Identifying Promising-Practices States

Overall promising-practices scores were assigned to each State through summated scales for the three areas of program administration, rider education, and licensing. States were classified as “low,” “medium,” or “high” promising practices on the basis of scores for all 47 State-legislated programs.

Data Collection Instruments for Site Visits

Five States, Delaware, Idaho, Maryland, Nevada, and Oregon, were selected for site visits because of their overall high promising-practices scores for rider education and licensing. The purpose of the site visits was to gather detailed information from motorcycle rider education program administrators, instructors, and students about the features of programs that deliver high-quality and effective training. Information was collected through interviews with administrators and focus groups with instructors and students.

Results From Site Visits

During the site visits to the five promising-practices States, administrators, instructors, and students were asked to consider and comment on features of the program related to program administration, rider education, and licensing. Through the focus groups and interviews, the respondents identified specific policies and actions the programs had implemented that helped promote high-quality training and effective licensing.

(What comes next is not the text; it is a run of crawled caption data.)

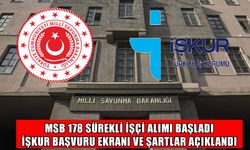 MSB'den binlerce kişiyi ilgilendiren ilan: Başvuru şartları açıklandı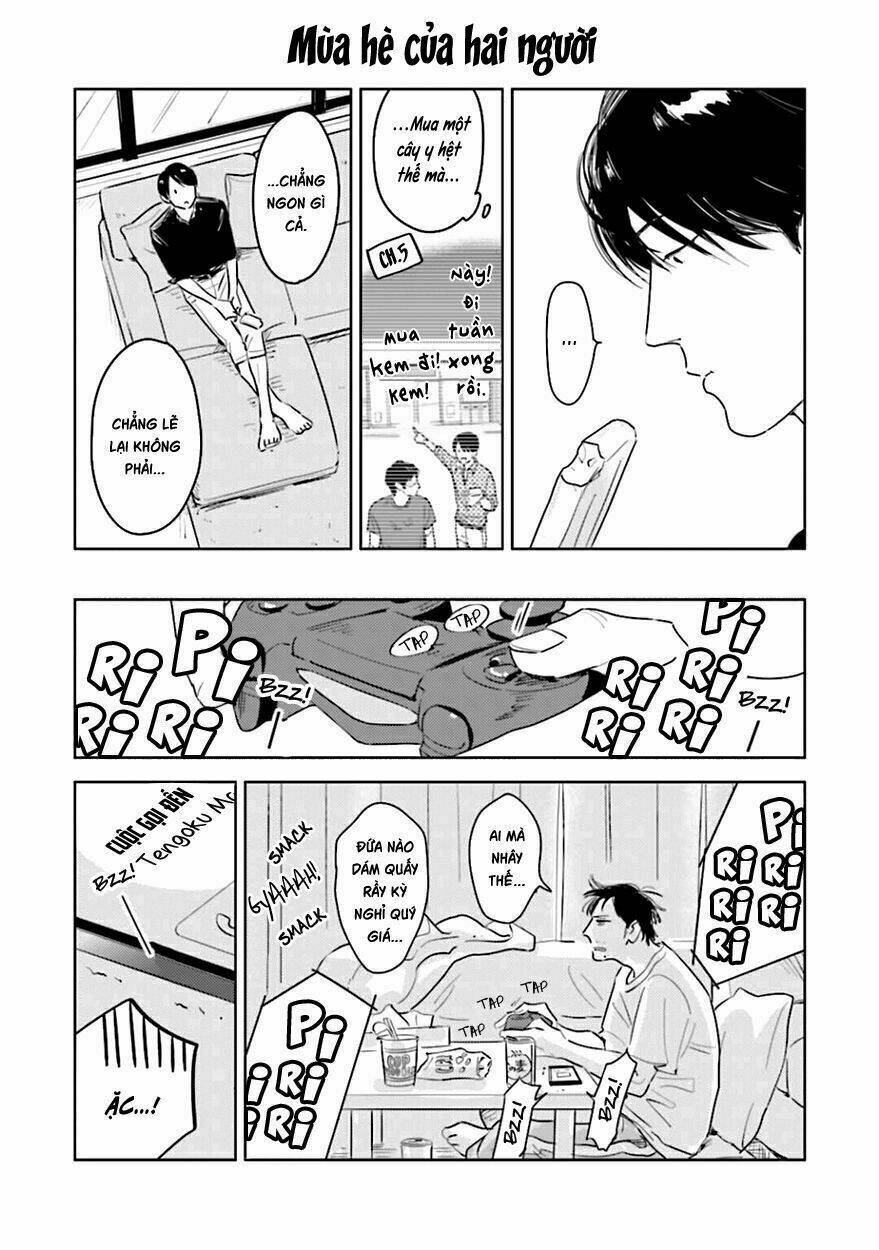 Oni To Tengoku: Chapter 5.5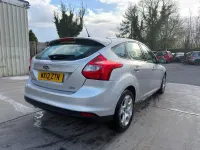 Used Ford Focus 2013 Silver Hatchback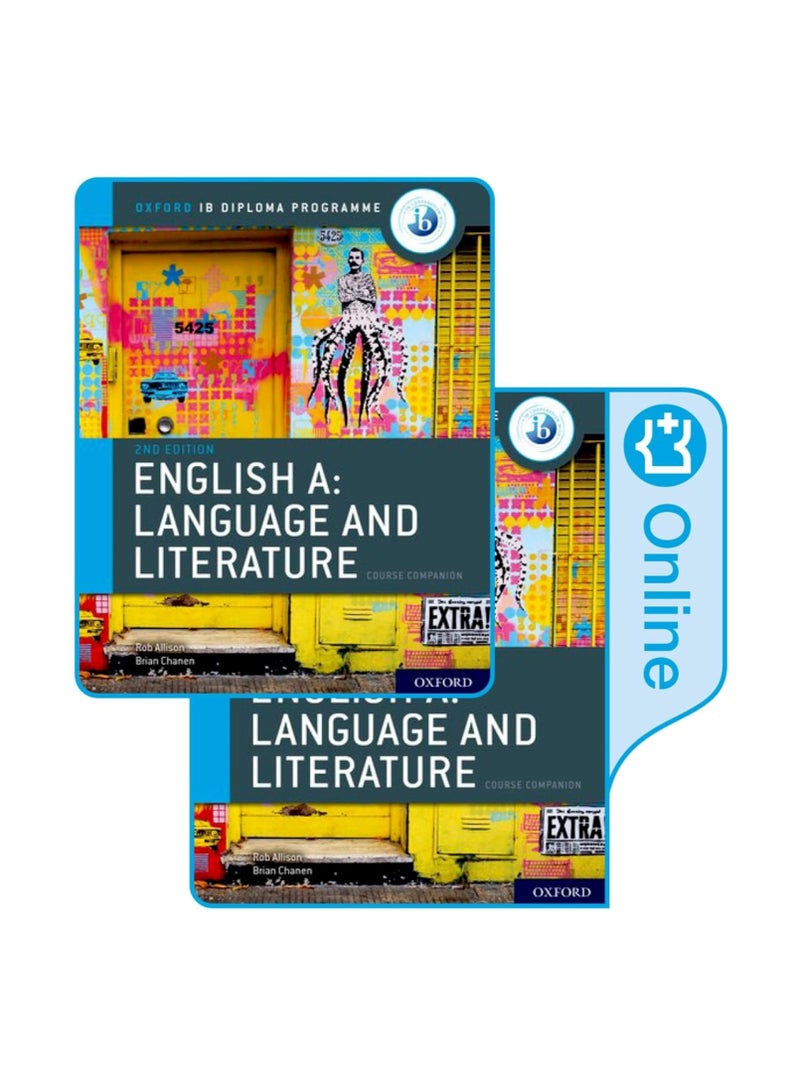 Oxford IB Diploma Programme English A Language and Literature Print and Enhanced Online Course Book Pack 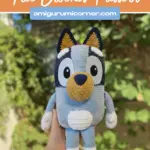 free Blue Puppy Amigurumi Pattern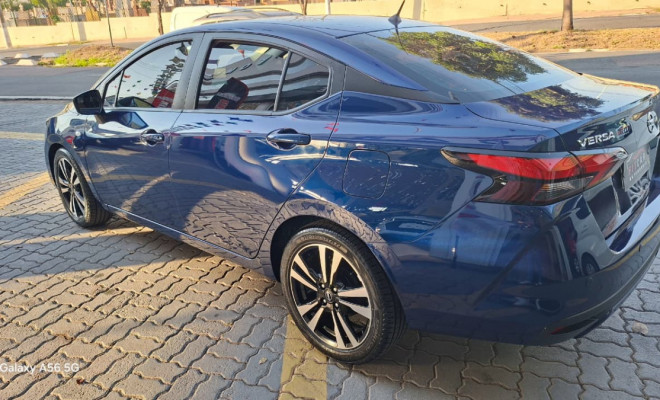 Nissan VERSA Sense 1.6 16V Flex Aut. 2023 Flex-1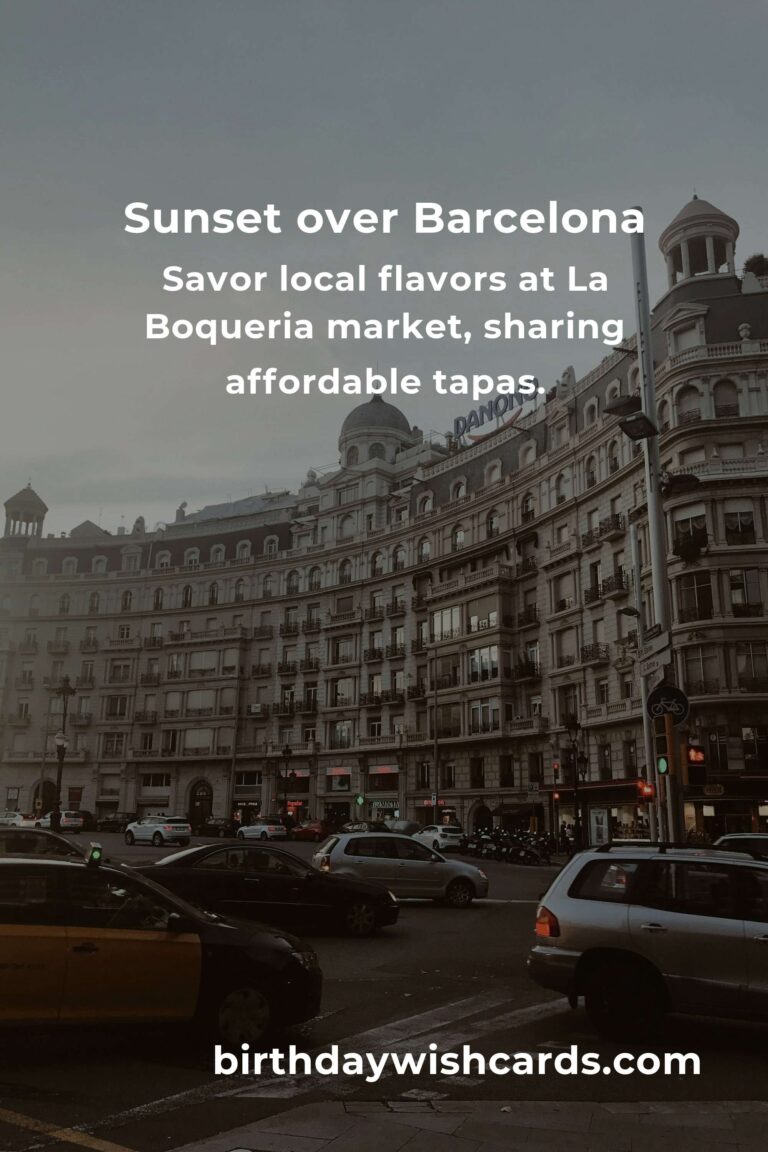 Budget-Friendly Romantic Getaways in Barcelona: Love Without Limits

These actions are summarized in a “Highlights” section that corresponds to each of the 13 promising practices.

Recommendations

Review and analysis of the data collected during the site visits resulted in a set of recommendations aimed at providing guidelines for States interested in improving their rider training programs, focusing on the critical components of program administration, rider education, and licensing:

  • organize the rider education program and the licensing program under the same administrative agency;
  • explore alternative sources of funding to support rider training activities;
  • centralize registration and increase the flexibility of course schedules;
  • offer classes targeted toward experienced operators who are riding without a license; and
  • implement ongoing training, monitoring, and mentoring of instructors.